Itzel Ramírez
Del sospechosismo de Santiago Creel a la vaquita amarilla de Sergio Mayer, los políticos mexicanos nos obsequian cada ocurrencia que evidencia su falta de lucidez, en un asunto tragicómico que, por fortuna, es aprovechado con maestría por cartonistas y creadores de memes.
Frecuentemente, estas salidas de tono reflejan la visión que del poder público tienen quienes lo detentan, resultando en estampas lamentables por cómo retratan los dichos al personaje.
Cuando en un debate presidencial el entonces candidato Ricardo Anaya prometía entregar tablets a todos los campesinos para que revisaran los precios de mercado de su producto, era evidente que el panista desconocía el modo de vida de los agricultores. Al abanderado del PRI, José Antonio Meade, le parecía buena idea crear el Registro Nacional de Necesidades de Cada Persona, donde se inscribirían cualquier tipo de requerimientos, como si este país no estuviera atascado de burocracia e instituciones por doquier.
El ejemplo del que me ocupo es el del presidente Andrés Manuel López Obrador, que el domingo pasado en Balancán, Tabasco, reiteró la propuesta de crear el Instituto para Devolverle al Pueblo lo Robado, ahí nomás el nombrecito. La razón, dijo el mandatario, es que eso de “extinción de dominio”, el término que se usa para designar la pérdida de derechos de propiedad, no es de entendimiento popular. Folclórica, creo, pero válida la explicación.
Luego, el presidente mencionó que una vez vendidos los bienes confiscados a la delincuencia, el dinero se usará para obras en los municipios más pobres del país. De nuevo, totalmente lógico el razonamiento del mandatario.
La marrana tuerce el rabo (sigamos el ánimo), cuando López Obrador dijo que cada obra tendrá una placa que diga: “‘Esto se obtuvo del cártel fulano o mengano. Esto se obtuvo de lo que se le confiscó al político corrupto fulano de tal’”.
“¡Que viva el corrupto!, ¡gracias, señor narco!”, parece ser el mensaje detrás del anuncio. ¿Es en serio que tenemos que obsequiar una mención a los narcotraficantes?, si estamos llenos de corridos, series, libros y marcas que romantizan a los delincuentes, ¿requerimos todavía que sus nombres estén en escuelas, hospitales, caminos…?
Lleno está el país de calles, edificios, monumentos de heroica pretensión, con nombres de políticos que al paso de los años resultaron impresentables (solo baste recordar los Moreira de Tamaulipas o los Duarte de Veracruz). Ahora, su nombre estará en una placa que recuerde que, gracias a su corrupción, hay una obra en beneficio de la gente.
¿Se merecen estos personajes ese lugar en nuestra historia?
Como si México no tuviera a raudales deudas con la memoria histórica de gente asesinada, desaparecida, victimizada, ultrajada hasta el cansancio por la autoridad misma; para ellos no hubo justicia, ahora, tampoco un lugar en la memoria.
Encima, aparece aquello de aplaudirle a la autoridad por hacer su trabajo. Porque hace años que tanto el Servicio de Administración Tributaria como la Fiscalía General de la República, el Servicio de Administración Tributaria, la Unidad de Inteligencia Financiera de Hacienda, y el Poder Judicial en todas sus instancias, tienen por mandato perseguir y castigar con la extinción de dominio a los delincuentes.
Golpear a la delincuencia en sus finanzas ha sido el talón de Aquiles del sistema de justicia en México.
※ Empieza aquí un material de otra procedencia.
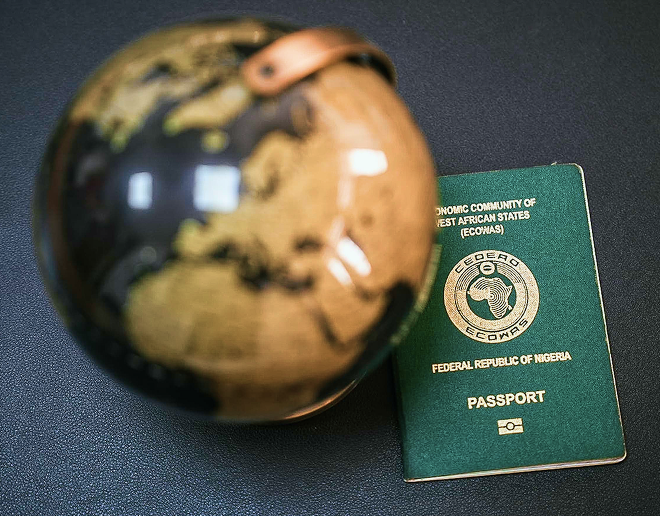 Nigerian passport of ECOWAS
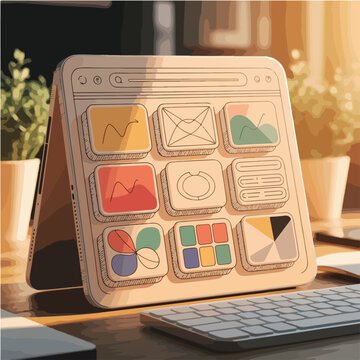 Hand-Drawn UI Kit with Doodle Dashboards, Sketchy Apps, and Imperfect Interface Elements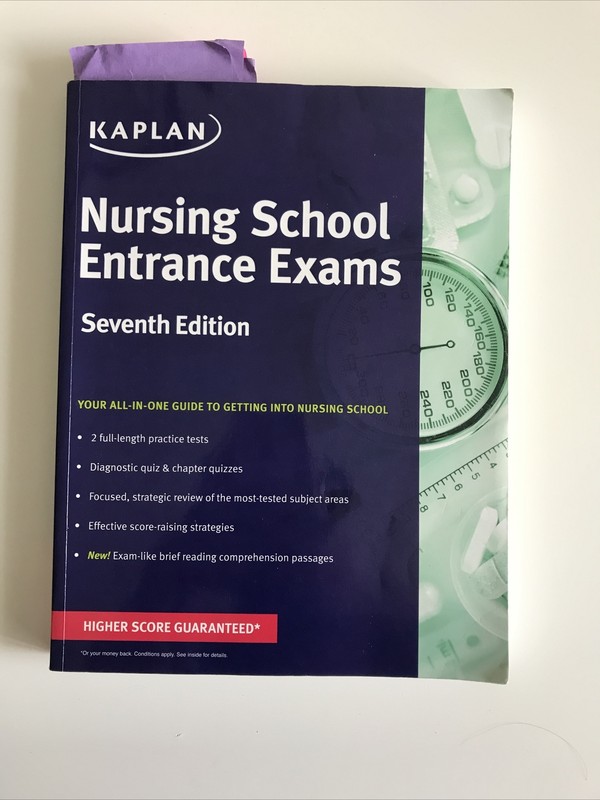 Kaplan Test Prep Ser.: Nursing School Entrance Exams by Kaplan Nursing (Firm)…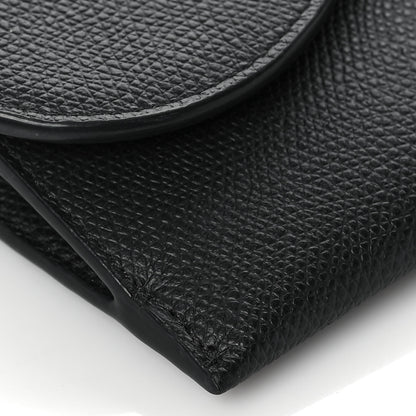 Christian Dior Grained Calfskin Saddle Chain Wallet Pouch Black 7 of 8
Son comunes los hallazgos de negocios y propiedades millonarias que siguen tranquilamente al servicio de las familias de delincuentes juzgados y encarcelados.
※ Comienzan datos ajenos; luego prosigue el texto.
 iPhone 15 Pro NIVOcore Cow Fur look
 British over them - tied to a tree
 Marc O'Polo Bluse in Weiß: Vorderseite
Hablando de renovación moral, ¿no será hora de dejarnos de ocurrencias?
DESDE LA FRANJA
Hace días, una gran defensora de derechos humanos me recordaba el caso de María Sagrario González Flores, joven de 17 años asesinada en 1998 en Ciudad Juárez. Su madre, Paula Flores, junto con otras madres de mujeres asesinadas, logró que un preescolar llevara el nombre de su hija, que tenía el sueño de ser profesora. Veintiún años después de su muerte, el caso sigue abierto. Sagrario tiene más que una placa, toda una escuela que honra su memoria.